Em levantamento realizado no site do Tribunal de Contas dos Municípios da Bahia no dia 09/07/2018, das folhas de pagamento das Câmaras de Vereadores dos municípios acima de cem mil habitantes e referentes ao mês de maio de 2018, foram encontrados dados relevantes na remuneração dos vereadores de cada município, como dos funcionários, dentre os quais podemos constatar:
1. Paulo Afonso é a Câmara que tem a pior relação entre a quantidade de habitantes e o número de funcionários, sendo um funcionário para 541 habitantes: (1:541); seguido de Ilhéus (1:560); e Simões Filho (1:584).

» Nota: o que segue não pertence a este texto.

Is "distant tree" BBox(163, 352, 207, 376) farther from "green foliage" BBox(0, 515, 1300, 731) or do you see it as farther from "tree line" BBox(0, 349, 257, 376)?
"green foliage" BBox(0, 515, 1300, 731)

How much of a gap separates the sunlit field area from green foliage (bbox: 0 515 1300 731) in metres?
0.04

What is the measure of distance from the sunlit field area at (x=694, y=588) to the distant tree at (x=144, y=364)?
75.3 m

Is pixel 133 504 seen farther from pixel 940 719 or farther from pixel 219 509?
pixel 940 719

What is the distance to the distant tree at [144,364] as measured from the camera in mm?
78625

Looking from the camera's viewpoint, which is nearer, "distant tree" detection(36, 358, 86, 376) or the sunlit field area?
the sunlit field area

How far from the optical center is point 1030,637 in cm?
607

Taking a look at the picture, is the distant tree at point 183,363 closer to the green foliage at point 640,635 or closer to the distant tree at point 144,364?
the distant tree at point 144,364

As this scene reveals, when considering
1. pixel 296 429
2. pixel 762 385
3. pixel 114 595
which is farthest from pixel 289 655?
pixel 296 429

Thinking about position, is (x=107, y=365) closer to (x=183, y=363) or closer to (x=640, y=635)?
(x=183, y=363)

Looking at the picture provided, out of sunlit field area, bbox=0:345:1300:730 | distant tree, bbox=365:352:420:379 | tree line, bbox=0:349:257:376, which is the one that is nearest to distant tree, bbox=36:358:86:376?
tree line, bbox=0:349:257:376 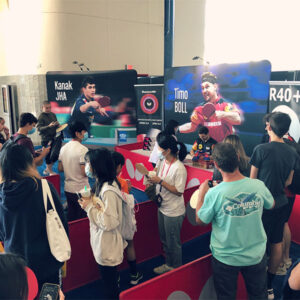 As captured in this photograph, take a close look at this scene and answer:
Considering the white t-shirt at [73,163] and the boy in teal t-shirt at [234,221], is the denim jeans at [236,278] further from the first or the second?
the white t-shirt at [73,163]

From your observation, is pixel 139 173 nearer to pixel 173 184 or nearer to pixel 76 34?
pixel 173 184

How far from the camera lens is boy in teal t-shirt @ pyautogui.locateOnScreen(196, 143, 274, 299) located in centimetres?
181

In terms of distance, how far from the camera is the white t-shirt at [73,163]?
3254mm

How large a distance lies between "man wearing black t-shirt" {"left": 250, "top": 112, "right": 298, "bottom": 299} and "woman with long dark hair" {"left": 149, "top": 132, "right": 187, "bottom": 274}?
26.1 inches

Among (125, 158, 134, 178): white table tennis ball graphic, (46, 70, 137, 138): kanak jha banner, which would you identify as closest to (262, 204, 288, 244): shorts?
(125, 158, 134, 178): white table tennis ball graphic

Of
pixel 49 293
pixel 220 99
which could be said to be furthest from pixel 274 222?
pixel 220 99

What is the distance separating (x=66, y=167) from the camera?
3.32 metres

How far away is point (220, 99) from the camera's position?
5426mm

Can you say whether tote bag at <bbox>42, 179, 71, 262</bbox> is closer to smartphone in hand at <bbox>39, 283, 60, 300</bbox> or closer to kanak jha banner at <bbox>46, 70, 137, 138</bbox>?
smartphone in hand at <bbox>39, 283, 60, 300</bbox>

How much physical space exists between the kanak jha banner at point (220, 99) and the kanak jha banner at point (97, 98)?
1436 mm

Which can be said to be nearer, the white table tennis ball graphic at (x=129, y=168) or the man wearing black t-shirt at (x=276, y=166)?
the man wearing black t-shirt at (x=276, y=166)

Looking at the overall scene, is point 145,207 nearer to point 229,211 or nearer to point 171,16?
point 229,211

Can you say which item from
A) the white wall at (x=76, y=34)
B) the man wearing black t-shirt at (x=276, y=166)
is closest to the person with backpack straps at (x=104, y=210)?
the man wearing black t-shirt at (x=276, y=166)

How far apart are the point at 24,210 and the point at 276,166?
1894 mm
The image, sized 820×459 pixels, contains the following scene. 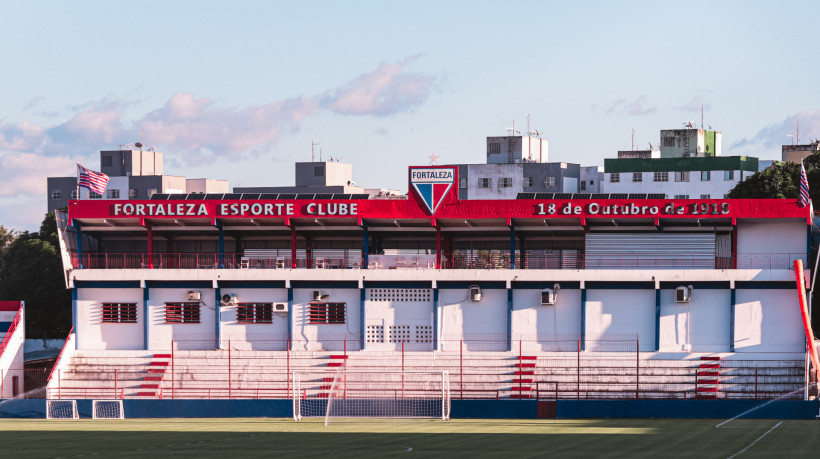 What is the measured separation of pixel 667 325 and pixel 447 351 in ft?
35.6

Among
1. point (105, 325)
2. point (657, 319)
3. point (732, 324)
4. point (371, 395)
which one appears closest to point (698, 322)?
point (732, 324)

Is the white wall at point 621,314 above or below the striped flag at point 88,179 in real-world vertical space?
below

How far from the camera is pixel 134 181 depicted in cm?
14775

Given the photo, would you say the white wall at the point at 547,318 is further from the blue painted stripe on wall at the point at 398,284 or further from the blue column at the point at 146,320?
the blue column at the point at 146,320

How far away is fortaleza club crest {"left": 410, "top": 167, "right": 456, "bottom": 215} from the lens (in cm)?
6178

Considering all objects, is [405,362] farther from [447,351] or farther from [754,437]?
[754,437]

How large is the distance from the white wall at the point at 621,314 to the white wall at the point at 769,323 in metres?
4.30

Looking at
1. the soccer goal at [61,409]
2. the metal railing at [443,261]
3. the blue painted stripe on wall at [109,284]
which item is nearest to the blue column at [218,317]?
the metal railing at [443,261]

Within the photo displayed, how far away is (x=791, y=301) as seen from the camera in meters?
59.8

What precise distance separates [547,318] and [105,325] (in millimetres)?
22464

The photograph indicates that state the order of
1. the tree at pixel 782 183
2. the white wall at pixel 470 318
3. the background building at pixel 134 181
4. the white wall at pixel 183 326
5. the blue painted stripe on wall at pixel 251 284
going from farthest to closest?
the background building at pixel 134 181, the tree at pixel 782 183, the white wall at pixel 183 326, the blue painted stripe on wall at pixel 251 284, the white wall at pixel 470 318

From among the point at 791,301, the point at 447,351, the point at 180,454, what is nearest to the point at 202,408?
the point at 447,351

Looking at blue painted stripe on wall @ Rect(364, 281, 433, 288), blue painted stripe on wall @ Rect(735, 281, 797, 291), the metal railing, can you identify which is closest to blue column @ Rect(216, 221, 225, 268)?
the metal railing

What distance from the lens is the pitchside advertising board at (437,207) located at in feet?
197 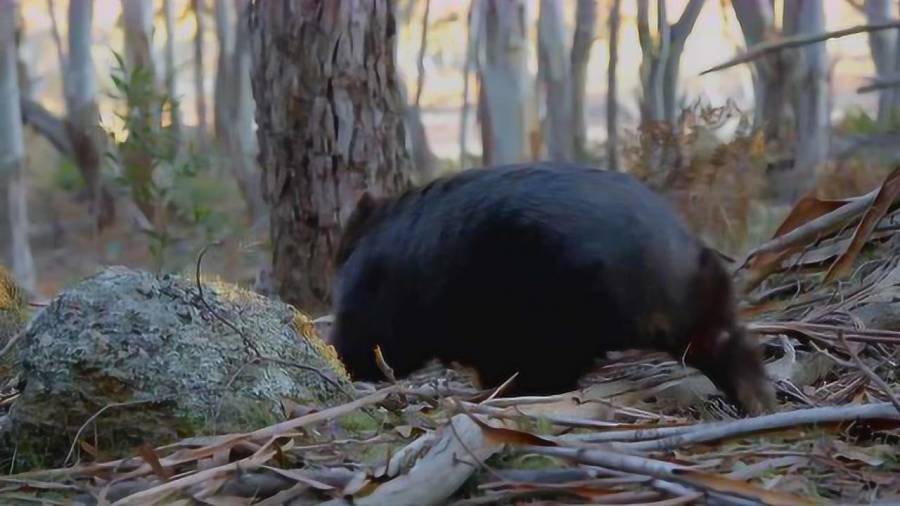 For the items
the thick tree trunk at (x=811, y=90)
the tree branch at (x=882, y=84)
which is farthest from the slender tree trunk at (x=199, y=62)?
the tree branch at (x=882, y=84)

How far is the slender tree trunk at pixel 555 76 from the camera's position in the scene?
17.5 metres

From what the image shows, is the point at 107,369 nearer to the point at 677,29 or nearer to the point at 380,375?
the point at 380,375

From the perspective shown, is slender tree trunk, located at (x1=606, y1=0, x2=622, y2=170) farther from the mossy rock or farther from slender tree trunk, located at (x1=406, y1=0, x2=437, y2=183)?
the mossy rock

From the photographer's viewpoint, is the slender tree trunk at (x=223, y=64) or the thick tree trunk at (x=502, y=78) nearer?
the thick tree trunk at (x=502, y=78)

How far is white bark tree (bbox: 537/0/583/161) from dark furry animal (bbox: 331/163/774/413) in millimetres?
12580

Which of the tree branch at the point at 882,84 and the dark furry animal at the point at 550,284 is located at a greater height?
the tree branch at the point at 882,84

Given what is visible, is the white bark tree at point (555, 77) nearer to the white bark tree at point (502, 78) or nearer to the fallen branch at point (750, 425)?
the white bark tree at point (502, 78)

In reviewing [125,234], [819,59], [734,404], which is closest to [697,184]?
[734,404]

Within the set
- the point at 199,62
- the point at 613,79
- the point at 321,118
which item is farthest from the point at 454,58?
the point at 321,118

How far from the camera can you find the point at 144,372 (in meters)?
3.13

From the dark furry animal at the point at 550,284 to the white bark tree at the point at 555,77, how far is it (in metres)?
12.6

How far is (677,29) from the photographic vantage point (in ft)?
44.7

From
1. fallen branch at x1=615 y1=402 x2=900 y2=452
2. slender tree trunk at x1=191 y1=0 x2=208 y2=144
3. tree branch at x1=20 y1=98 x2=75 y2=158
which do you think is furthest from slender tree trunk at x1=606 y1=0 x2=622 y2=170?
fallen branch at x1=615 y1=402 x2=900 y2=452

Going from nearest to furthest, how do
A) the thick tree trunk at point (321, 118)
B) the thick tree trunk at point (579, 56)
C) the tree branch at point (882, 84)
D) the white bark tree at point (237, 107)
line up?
1. the tree branch at point (882, 84)
2. the thick tree trunk at point (321, 118)
3. the white bark tree at point (237, 107)
4. the thick tree trunk at point (579, 56) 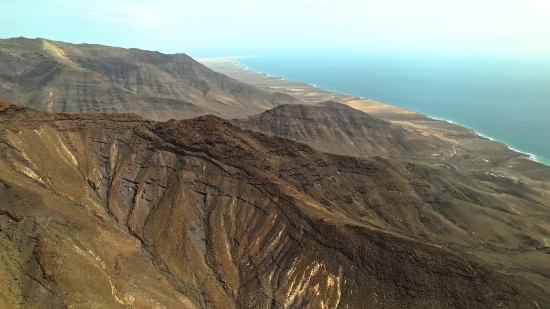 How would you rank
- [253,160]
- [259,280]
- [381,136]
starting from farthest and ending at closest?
[381,136], [253,160], [259,280]

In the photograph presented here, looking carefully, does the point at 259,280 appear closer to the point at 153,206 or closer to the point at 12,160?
the point at 153,206

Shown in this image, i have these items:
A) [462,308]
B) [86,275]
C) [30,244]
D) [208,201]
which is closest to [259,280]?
[208,201]

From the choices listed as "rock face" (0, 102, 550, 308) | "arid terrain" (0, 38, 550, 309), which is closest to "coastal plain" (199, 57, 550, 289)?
"arid terrain" (0, 38, 550, 309)

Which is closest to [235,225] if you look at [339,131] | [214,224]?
[214,224]

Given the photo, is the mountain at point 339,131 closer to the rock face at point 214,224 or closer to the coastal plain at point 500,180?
the coastal plain at point 500,180

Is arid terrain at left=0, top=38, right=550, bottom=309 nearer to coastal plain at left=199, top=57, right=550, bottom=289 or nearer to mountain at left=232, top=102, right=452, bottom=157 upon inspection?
coastal plain at left=199, top=57, right=550, bottom=289

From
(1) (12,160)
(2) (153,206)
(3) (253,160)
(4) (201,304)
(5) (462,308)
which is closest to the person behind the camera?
(5) (462,308) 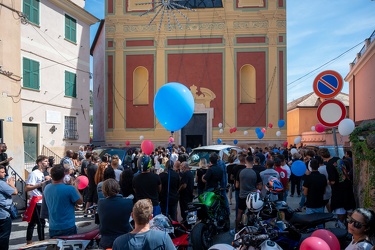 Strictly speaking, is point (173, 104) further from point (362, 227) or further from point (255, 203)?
point (362, 227)

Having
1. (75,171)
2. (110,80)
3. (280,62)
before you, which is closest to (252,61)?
(280,62)

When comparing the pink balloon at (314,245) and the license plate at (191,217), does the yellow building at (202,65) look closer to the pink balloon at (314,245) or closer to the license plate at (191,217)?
the license plate at (191,217)

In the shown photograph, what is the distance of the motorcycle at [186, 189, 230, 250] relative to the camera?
269 inches

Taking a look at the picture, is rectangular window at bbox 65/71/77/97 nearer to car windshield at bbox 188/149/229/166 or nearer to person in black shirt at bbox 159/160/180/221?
car windshield at bbox 188/149/229/166

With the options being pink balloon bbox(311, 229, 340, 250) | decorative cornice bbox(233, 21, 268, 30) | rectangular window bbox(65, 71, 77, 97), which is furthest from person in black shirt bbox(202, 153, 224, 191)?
decorative cornice bbox(233, 21, 268, 30)

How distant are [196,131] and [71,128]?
9037 millimetres

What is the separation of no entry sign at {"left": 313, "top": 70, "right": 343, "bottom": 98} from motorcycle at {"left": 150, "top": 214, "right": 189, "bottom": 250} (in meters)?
3.62

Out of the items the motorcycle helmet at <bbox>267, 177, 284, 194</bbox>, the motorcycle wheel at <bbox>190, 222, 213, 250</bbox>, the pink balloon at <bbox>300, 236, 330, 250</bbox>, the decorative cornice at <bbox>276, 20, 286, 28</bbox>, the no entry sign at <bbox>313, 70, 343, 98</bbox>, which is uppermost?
the decorative cornice at <bbox>276, 20, 286, 28</bbox>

2. O maior custo de funcionários por habitante é Camaçari, com R$ 6,55 reais por mês por cada habitante e o menor custo é da Câmara de Vereadores de Vitória da Conquista com custo de R$ 1,52 por habitantes/mês. Ou seja, quatro vezes mais a relação do maior com o menor custo por habitante.

3. A maior média salarial dos servidores é da Câmara de Salvador no valor de R$ 5.997,51 por servidor, seguida da Câmara de Camaçari, no valor de R$ 5.700,91. Já as menores médias é da Câmara de Paulo Afonso com R$ 1.656,32 por servidor, seguida da Câmara de Juazeiro com R$ 1.678,57 e da Câmara de Ilhéus no valor de R$ 1.780,61 (O cálculo teve como base todos os funcionários que receberam alguma remuneração em Maio de 2018).

4. O custo total da folha de pagamento das Câmaras Municipais referente ao subsidio dos Vereadores e salários dos servidores, sem os devidos encargos, publicado no site do Tribunal de Contas dos Municípios, dos 17 municípios baianos com população acima de cem mil habitantes, totalizaram no mês de maio de 2018, aproximadamente R$ 20,3 milhões.

5. A pior relação número de servidores por Vereadores é a Câmara de Salvador com 29 servidores para cada vereador, seguida da Câmara de Feira de Santana com 18:1, e Ilhéus, Paulo Afonso e Camaçari com 16 servidores para cada Vereador (cada uma).

Para o Consultor Valmir Sampaio, “entre algumas das maiores Câmaras municipais da Bahia, os princípios constitucionais da atividade administrativa, como o da razoabilidade, da economicidade e da proporcionalidade como instrumentos de preservação dos recursos públicos não são obedecidos quando se trata da quantidade de servidores em relação ao número de edis e ao custo por habitante”.